=== Section Start ===

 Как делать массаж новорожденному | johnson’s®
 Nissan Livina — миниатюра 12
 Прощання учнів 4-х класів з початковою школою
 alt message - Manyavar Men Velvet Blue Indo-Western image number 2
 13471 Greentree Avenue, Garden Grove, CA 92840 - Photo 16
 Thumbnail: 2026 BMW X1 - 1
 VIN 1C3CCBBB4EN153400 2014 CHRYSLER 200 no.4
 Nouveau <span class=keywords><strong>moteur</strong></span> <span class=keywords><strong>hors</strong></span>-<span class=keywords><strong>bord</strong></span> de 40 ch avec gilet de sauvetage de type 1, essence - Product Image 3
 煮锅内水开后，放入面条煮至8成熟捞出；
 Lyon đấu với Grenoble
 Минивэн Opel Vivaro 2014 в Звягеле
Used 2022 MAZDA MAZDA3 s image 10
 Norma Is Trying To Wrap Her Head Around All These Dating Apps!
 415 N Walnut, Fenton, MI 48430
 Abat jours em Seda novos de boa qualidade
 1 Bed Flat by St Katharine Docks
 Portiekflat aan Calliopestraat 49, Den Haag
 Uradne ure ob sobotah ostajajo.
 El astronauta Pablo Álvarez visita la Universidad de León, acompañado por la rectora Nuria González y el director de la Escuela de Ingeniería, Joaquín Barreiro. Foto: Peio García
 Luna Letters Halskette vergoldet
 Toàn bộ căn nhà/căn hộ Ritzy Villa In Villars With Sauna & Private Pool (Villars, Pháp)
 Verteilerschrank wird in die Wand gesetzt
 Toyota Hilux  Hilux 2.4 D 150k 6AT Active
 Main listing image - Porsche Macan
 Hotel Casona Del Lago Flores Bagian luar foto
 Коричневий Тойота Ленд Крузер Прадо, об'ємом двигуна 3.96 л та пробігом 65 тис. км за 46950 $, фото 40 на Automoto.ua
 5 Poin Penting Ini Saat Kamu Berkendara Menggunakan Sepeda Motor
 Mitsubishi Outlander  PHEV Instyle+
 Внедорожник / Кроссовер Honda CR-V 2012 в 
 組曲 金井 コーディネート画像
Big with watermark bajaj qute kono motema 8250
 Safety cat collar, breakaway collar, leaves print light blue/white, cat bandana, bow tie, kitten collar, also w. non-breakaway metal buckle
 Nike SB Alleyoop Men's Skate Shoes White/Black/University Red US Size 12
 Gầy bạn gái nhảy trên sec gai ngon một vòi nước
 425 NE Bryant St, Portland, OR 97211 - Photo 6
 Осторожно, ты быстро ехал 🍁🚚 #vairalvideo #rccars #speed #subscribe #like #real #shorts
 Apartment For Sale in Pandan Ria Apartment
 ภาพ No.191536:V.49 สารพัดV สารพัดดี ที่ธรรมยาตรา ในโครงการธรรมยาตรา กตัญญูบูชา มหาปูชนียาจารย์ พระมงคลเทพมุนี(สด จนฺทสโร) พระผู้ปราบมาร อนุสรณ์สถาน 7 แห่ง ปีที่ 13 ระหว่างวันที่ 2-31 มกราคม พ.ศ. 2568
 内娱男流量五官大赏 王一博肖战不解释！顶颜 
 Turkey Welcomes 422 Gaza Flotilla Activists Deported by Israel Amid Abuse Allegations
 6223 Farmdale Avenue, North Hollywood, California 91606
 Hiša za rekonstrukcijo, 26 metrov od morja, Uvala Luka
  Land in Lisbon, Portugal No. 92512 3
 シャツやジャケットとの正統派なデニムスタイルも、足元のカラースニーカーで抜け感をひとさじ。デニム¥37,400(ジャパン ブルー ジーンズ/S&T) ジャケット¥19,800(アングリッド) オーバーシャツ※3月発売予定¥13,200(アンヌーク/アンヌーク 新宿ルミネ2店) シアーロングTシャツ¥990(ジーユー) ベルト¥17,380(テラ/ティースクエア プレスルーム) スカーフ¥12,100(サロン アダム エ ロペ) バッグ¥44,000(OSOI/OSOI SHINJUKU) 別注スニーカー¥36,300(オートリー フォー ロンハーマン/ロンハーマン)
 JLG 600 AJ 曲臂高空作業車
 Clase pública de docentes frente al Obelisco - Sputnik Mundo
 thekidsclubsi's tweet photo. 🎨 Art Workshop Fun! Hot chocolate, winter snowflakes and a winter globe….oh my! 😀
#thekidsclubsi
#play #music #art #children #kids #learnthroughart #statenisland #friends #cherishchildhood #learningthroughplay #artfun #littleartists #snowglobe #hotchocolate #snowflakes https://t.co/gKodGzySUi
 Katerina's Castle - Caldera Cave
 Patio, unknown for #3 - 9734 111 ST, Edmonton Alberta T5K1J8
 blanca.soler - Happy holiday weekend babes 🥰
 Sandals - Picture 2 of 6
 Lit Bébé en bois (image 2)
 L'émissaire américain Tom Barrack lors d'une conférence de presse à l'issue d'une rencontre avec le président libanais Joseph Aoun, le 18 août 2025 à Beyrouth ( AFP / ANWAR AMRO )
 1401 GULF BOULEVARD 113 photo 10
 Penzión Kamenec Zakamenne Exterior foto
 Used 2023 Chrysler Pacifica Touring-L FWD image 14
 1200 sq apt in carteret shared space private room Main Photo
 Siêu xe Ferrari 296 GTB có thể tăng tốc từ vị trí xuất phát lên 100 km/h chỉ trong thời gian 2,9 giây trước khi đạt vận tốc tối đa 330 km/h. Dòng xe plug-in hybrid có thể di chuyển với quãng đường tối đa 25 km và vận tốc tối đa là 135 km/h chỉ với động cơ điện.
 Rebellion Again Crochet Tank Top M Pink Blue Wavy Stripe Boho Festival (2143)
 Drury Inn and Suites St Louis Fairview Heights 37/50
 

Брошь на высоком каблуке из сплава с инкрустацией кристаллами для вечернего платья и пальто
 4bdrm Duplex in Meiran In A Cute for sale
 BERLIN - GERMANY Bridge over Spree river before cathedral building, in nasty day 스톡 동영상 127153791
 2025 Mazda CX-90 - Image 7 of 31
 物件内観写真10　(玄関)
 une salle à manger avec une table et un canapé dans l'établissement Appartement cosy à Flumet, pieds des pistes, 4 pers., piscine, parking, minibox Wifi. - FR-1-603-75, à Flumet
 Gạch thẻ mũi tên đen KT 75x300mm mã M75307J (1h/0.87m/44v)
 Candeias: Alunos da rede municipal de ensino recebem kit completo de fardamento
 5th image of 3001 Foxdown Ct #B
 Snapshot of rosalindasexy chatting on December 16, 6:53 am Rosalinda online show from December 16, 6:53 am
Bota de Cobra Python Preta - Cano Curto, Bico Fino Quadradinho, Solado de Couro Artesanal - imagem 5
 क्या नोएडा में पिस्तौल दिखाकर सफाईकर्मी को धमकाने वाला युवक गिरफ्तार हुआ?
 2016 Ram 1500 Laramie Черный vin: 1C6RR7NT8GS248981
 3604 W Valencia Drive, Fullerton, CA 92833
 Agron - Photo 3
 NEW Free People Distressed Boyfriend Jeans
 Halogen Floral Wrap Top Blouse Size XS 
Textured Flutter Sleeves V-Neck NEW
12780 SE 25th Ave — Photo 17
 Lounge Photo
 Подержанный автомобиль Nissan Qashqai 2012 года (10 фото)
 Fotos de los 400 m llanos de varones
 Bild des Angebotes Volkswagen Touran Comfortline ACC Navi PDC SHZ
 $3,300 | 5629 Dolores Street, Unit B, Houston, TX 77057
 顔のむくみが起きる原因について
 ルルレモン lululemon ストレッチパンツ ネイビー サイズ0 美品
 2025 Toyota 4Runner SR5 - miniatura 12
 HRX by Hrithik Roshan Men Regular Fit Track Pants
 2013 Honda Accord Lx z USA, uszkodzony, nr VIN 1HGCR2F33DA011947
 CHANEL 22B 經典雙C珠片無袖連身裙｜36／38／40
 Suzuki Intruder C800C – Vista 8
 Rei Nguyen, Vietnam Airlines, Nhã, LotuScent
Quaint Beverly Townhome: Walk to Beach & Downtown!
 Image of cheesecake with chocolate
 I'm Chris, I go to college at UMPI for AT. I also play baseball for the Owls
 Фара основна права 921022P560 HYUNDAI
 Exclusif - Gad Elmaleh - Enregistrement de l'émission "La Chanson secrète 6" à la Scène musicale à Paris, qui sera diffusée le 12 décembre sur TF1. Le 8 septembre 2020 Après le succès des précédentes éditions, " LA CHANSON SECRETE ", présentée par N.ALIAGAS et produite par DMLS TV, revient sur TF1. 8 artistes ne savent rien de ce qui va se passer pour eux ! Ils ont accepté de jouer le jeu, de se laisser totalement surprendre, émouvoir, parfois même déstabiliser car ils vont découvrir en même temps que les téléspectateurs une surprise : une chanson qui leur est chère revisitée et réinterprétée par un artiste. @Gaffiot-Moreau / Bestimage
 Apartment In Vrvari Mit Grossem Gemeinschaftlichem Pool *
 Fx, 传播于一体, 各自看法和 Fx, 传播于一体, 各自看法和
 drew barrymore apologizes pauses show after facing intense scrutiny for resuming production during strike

=== Section End ===

**Your objective**
Of the lines above, retype only those from the line containing "blanca.soler - Happy holiday weekend babes 🥰" through the line containing "5th image of 3001 Foxdown Ct #B", including both, exactly.

**Solution to this task**
 blanca.soler - Happy holiday weekend babes 🥰
 Sandals - Picture 2 of 6
 Lit Bébé en bois (image 2)
 L'émissaire américain Tom Barrack lors d'une conférence de presse à l'issue d'une rencontre avec le président libanais Joseph Aoun, le 18 août 2025 à Beyrouth ( AFP / ANWAR AMRO )
 1401 GULF BOULEVARD 113 photo 10
 Penzión Kamenec Zakamenne Exterior foto
 Used 2023 Chrysler Pacifica Touring-L FWD image 14
 1200 sq apt in carteret shared space private room Main Photo
 Siêu xe Ferrari 296 GTB có thể tăng tốc từ vị trí xuất phát lên 100 km/h chỉ trong thời gian 2,9 giây trước khi đạt vận tốc tối đa 330 km/h. Dòng xe plug-in hybrid có thể di chuyển với quãng đường tối đa 25 km và vận tốc tối đa là 135 km/h chỉ với động cơ điện.
 Rebellion Again Crochet Tank Top M Pink Blue Wavy Stripe Boho Festival (2143)
 Drury Inn and Suites St Louis Fairview Heights 37/50
 

Брошь на высоком каблуке из сплава с инкрустацией кристаллами для вечернего платья и пальто
 4bdrm Duplex in Meiran In A Cute for sale
 BERLIN - GERMANY Bridge over Spree river before cathedral building, in nasty day 스톡 동영상 127153791
 2025 Mazda CX-90 - Image 7 of 31
 物件内観写真10　(玄関)
 une salle à manger avec une table et un canapé dans l'établissement Appartement cosy à Flumet, pieds des pistes, 4 pers., piscine, parking, minibox Wifi. - FR-1-603-75, à Flumet
 Gạch thẻ mũi tên đen KT 75x300mm mã M75307J (1h/0.87m/44v)
 Candeias: Alunos da rede municipal de ensino recebem kit completo de fardamento
 5th image of 3001 Foxdown Ct #B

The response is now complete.